● REQUIRED ACTION: From the first record through the last, copy each one exactly.

● Short web captions:
- - -

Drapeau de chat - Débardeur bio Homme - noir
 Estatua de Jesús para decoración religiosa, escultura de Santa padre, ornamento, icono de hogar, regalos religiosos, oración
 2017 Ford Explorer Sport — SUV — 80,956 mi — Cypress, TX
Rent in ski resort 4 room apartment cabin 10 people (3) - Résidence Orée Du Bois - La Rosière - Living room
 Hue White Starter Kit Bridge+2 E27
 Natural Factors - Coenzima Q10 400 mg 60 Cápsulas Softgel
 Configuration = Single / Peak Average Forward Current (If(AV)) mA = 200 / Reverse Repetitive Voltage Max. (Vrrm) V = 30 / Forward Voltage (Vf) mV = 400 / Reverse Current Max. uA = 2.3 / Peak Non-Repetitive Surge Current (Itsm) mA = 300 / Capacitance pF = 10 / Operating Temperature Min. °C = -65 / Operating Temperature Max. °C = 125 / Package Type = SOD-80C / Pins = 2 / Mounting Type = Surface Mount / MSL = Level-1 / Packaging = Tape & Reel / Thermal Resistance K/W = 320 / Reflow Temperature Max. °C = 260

- - -

● RESPONSE AREA:
Drapeau de chat - Débardeur bio Homme - noir
 Estatua de Jesús para decoración religiosa, escultura de Santa padre, ornamento, icono de hogar, regalos religiosos, oración
 2017 Ford Explorer Sport — SUV — 80,956 mi — Cypress, TX
Rent in ski resort 4 room apartment cabin 10 people (3) - Résidence Orée Du Bois - La Rosière - Living room
 Hue White Starter Kit Bridge+2 E27
 Natural Factors - Coenzima Q10 400 mg 60 Cápsulas Softgel
 Configuration = Single / Peak Average Forward Current (If(AV)) mA = 200 / Reverse Repetitive Voltage Max. (Vrrm) V = 30 / Forward Voltage (Vf) mV = 400 / Reverse Current Max. uA = 2.3 / Peak Non-Repetitive Surge Current (Itsm) mA = 300 / Capacitance pF = 10 / Operating Temperature Min. °C = -65 / Operating Temperature Max. °C = 125 / Package Type = SOD-80C / Pins = 2 / Mounting Type = Surface Mount / MSL = Level-1 / Packaging = Tape & Reel / Thermal Resistance K/W = 320 / Reflow Temperature Max. °C = 260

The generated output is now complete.